— What to work on —
Please transcribe the entries exactly and omit the images they contain.

[Dataset excerpts — start]

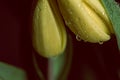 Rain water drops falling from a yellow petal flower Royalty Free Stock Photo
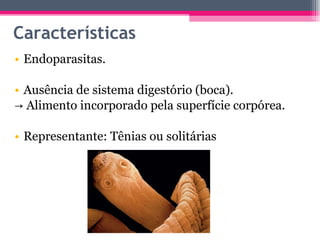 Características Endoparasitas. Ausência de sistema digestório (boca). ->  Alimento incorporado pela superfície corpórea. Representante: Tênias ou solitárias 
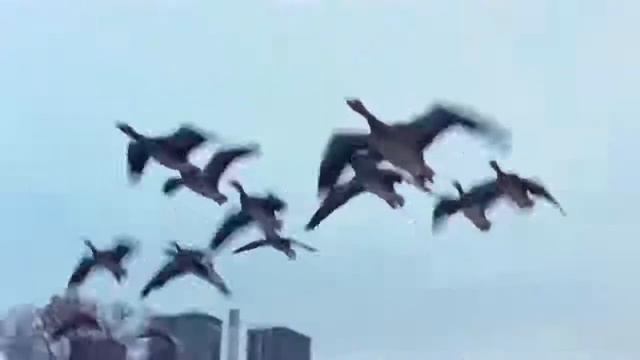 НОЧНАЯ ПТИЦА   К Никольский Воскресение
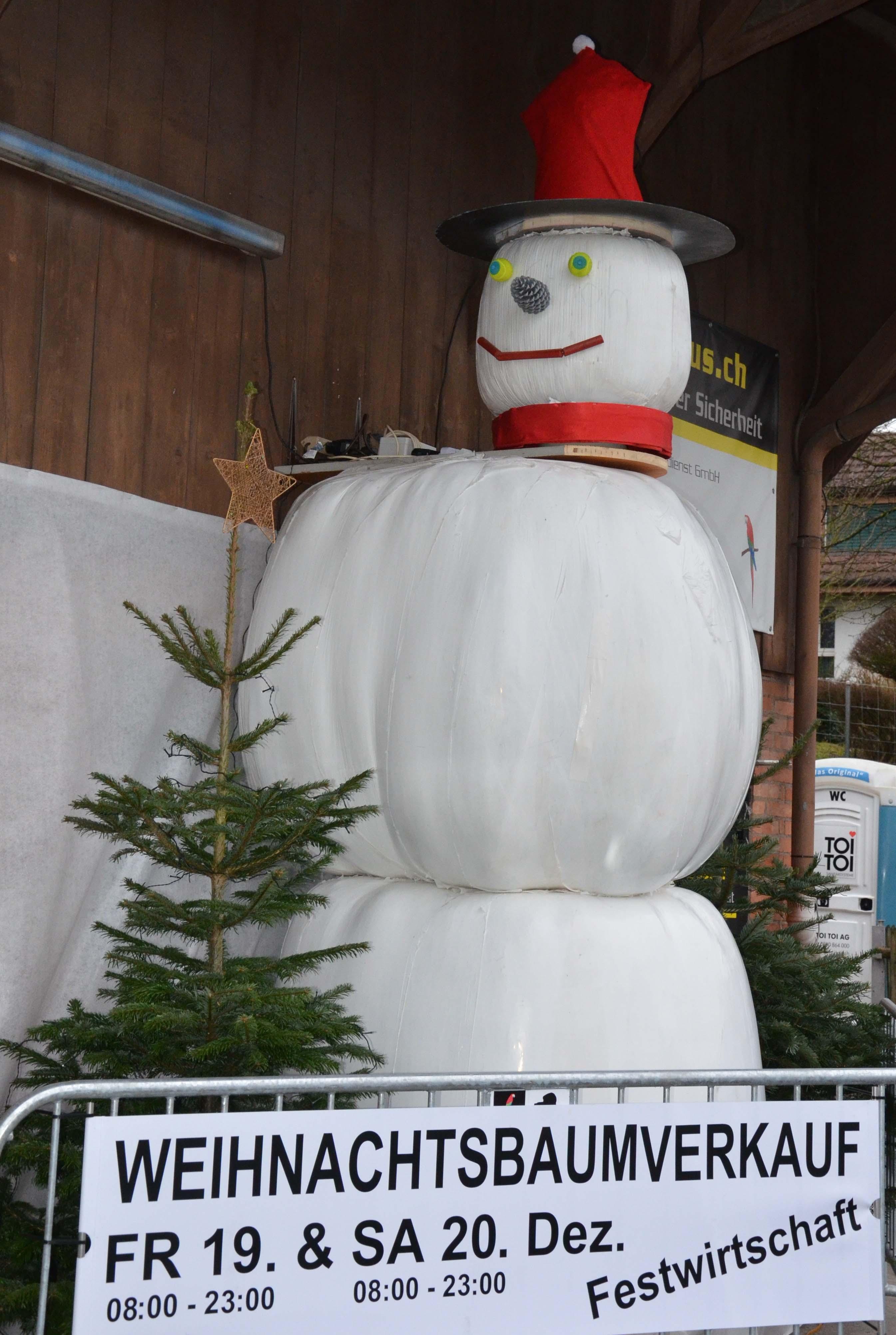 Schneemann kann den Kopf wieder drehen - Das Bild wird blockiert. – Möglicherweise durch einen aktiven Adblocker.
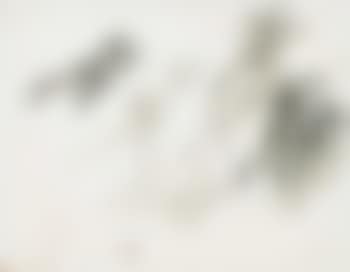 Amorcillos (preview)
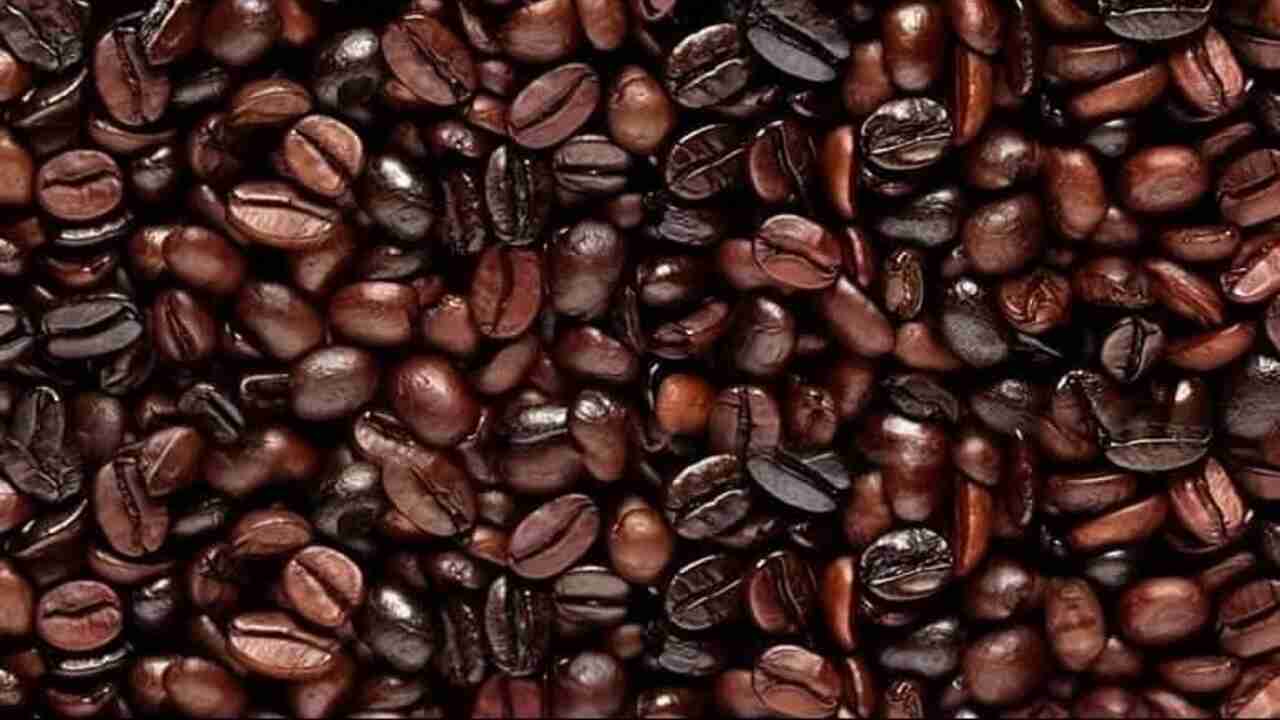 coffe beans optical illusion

[Dataset excerpts — finish]

— Answer for this exercise —
 Rain water drops falling from a yellow petal flower Royalty Free Stock Photo
 Características Endoparasitas. Ausência de sistema digestório (boca). ->  Alimento incorporado pela superfície corpórea. Representante: Tênias ou solitárias 
 НОЧНАЯ ПТИЦА   К Никольский Воскресение
 Schneemann kann den Kopf wieder drehen - Das Bild wird blockiert. – Möglicherweise durch einen aktiven Adblocker.
 Amorcillos (preview)
 coffe beans optical illusion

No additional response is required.